The proceedings related to actions taken by the ANZ in 2004 to seek to limit the refund offered on the bank’s loans by a mortgage broker Mortgage Refunds Pty Ltd (Mortgage Refunds). Mortgage Refunds was a mortgage broking business that offered refunds to borrowers based on the value of their loan if successful. In 2004 the ANZ had written to Mortgage Refunds seeking to limit the amount of refund offered on the ANZ’s loan to $600 so that it matched the amount of the banks’ loan application fee.

The Australian Competition and Consumer Commission (ACCC) brought proceedings against the Australia and New Zealand Banking Group Limited (ANZ) under sections 45 and 45A of the Trade Practices Act 1974 on the basis that the ANZ’s actions had the purpose or effect of substantially lessening competition.

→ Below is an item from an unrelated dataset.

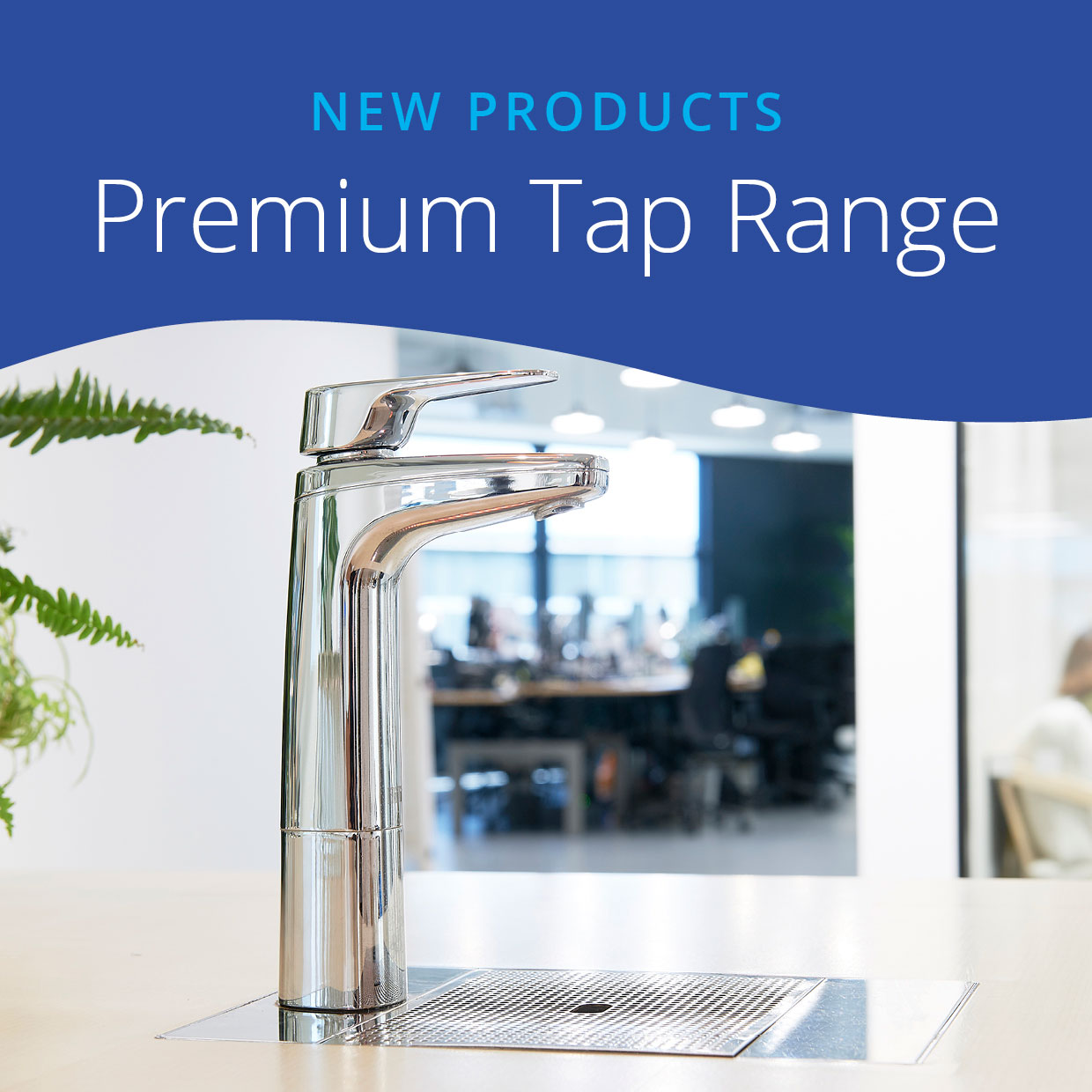 New Drinking Water Taps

The issues before the Court included:

  • whether the ANZ’s conduct had the effect of lessening competition between the ANZ and mortgage brokers
  • whether the ANZ’s mortgage division was in competition with mortgage brokers
  • whether mortgage brokers and the ANZ both provided loan arrangement services and thus competed in the same market.

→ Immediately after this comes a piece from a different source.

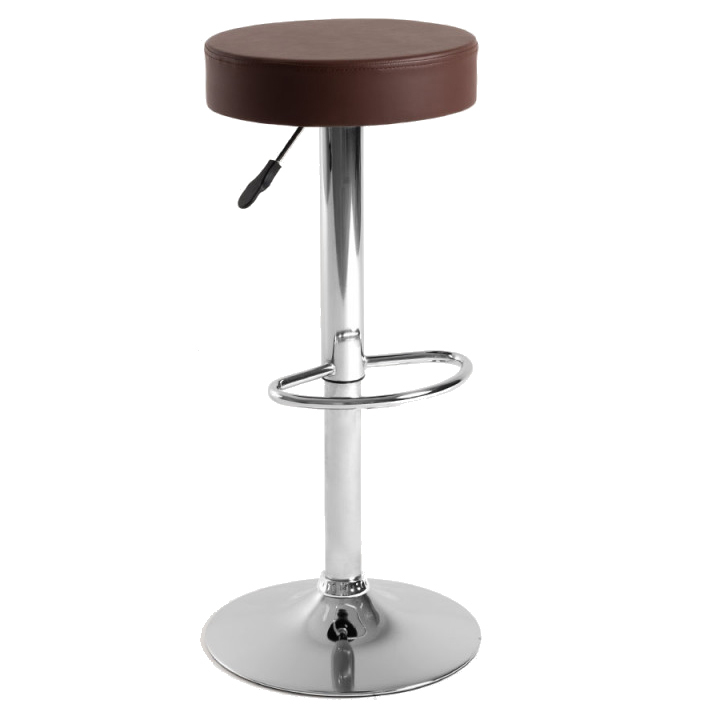 Taburete Mura Asiento en Polipiel Ref.MT2-0012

In its analysis of ANZ’s conduct the Court applied the hypothetical monopolist test – namely what effect would a “small but significant non-transitory increase in price” have.

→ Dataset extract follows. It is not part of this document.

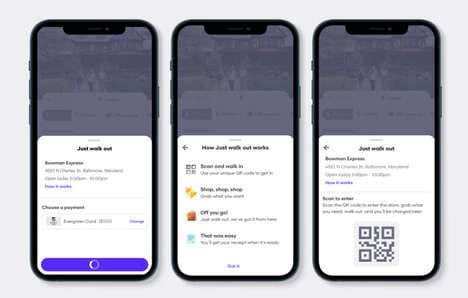 Checkout-Free Campus Retail Experiences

In its Statement of Claim, the ACCC had identified the relevant market as the market for “loan arrangement services”, a market in which ANZ itself participated, as did Mortgage Refunds, other lenders and brokers, agents and franchisees of loan providers.

In approaching the relevant market, the Court found that there were separate markets that provided “loan arrangement services”. On the one hand, there were loan providers’ own in-house or tied channels, which only offered the loan products offered by that particular loan provider. On the other hand there were brokers, who were able to offer the products of many different loan providers. The Court also struggled to describe the relationship between lenders who had their own in-house sales teams as well as using brokers, and the brokers themselves, as competitive. The Court found that it was, at least at some times, a collaborative relationship.

The Court found against the ACCC. After lengthy consideration of industry and expert evidence it concluded that ANZ branches and franchises did not participate in any market in which the brokers provided loan arrangement services to potential borrowers. Therefore ANZ was not in any relevant sense in competition with Mortgage Refunds.

The case highlights the difficulties that may be encountered by those seeking to establish that particular activity is anti- competitive. The ACCC has lodged an appeal to the Full Federal Court.